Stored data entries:
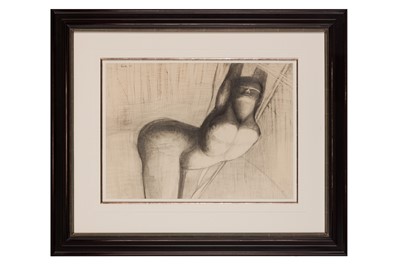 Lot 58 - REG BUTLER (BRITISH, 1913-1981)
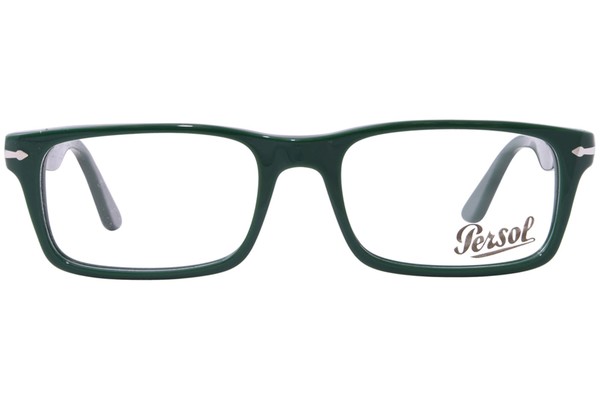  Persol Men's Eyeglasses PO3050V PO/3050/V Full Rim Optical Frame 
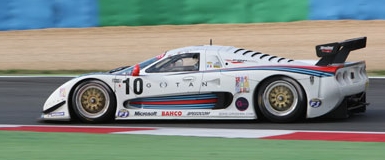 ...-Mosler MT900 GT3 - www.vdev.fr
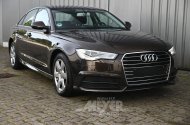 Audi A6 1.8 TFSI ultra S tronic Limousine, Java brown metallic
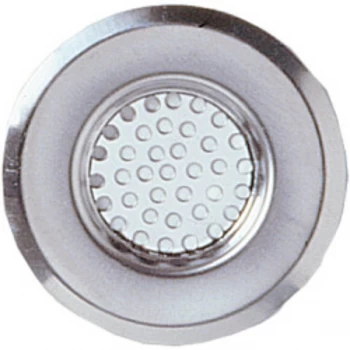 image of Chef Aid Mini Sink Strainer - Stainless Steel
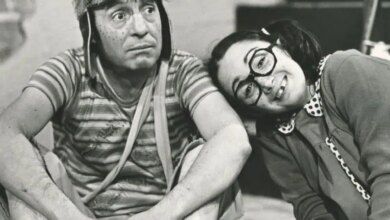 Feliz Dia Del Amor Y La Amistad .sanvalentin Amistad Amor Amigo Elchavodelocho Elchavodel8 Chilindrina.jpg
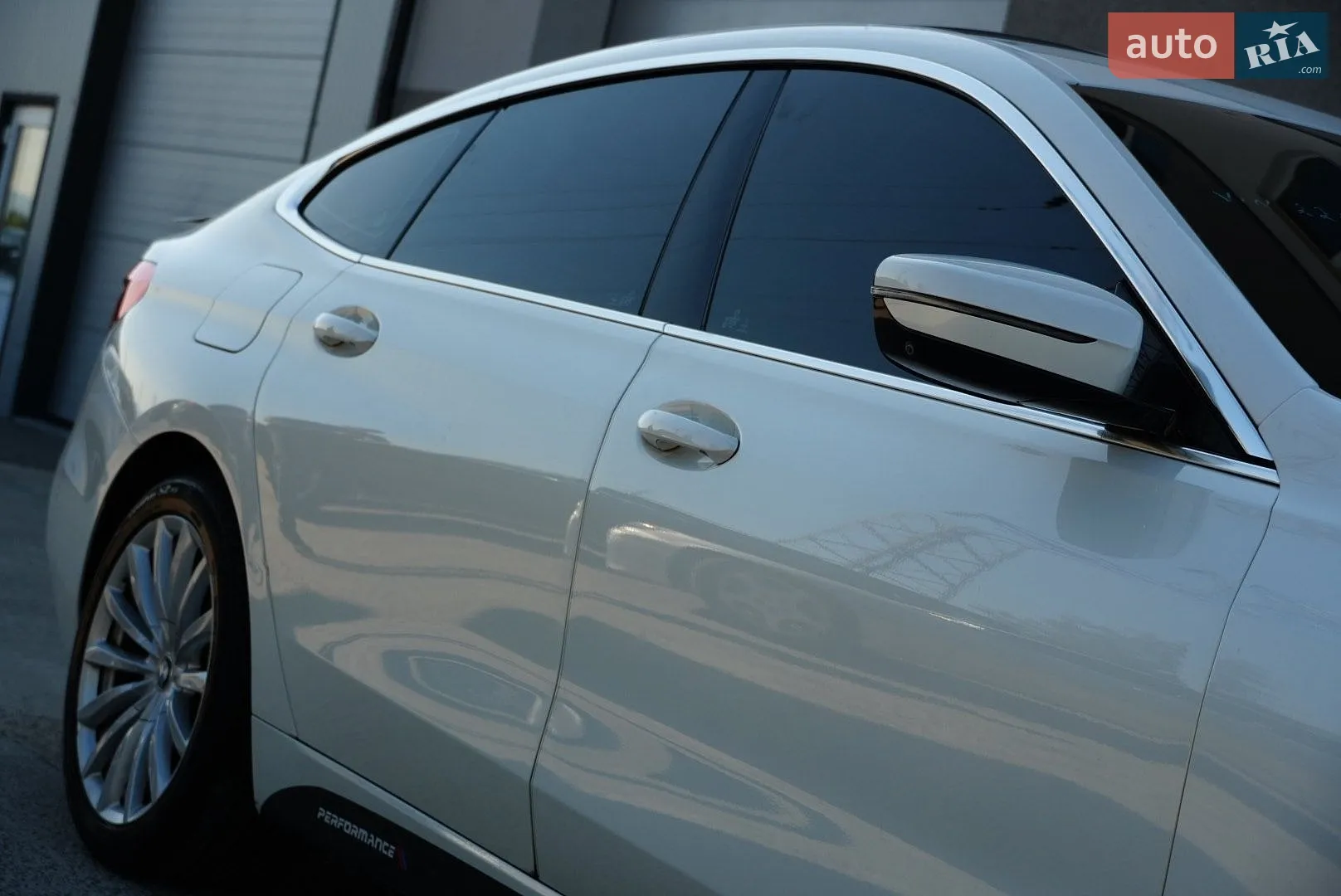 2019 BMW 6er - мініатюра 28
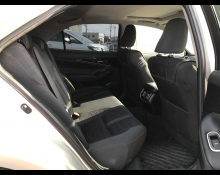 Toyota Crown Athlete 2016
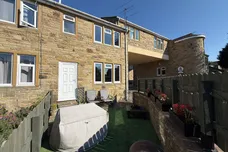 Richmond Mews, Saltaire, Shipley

WHAT YOU HAVE TO DO: Without including any picture, set down every line above exactly as it stands.

ANSWER SECTION:
 Lot 58 - REG BUTLER (BRITISH, 1913-1981)
  Persol Men's Eyeglasses PO3050V PO/3050/V Full Rim Optical Frame 
 ...-Mosler MT900 GT3 - www.vdev.fr
 Audi A6 1.8 TFSI ultra S tronic Limousine, Java brown metallic
 image of Chef Aid Mini Sink Strainer - Stainless Steel
 Feliz Dia Del Amor Y La Amistad .sanvalentin Amistad Amor Amigo Elchavodelocho Elchavodel8 Chilindrina.jpg
 2019 BMW 6er - мініатюра 28
 Toyota Crown Athlete 2016
 Richmond Mews, Saltaire, Shipley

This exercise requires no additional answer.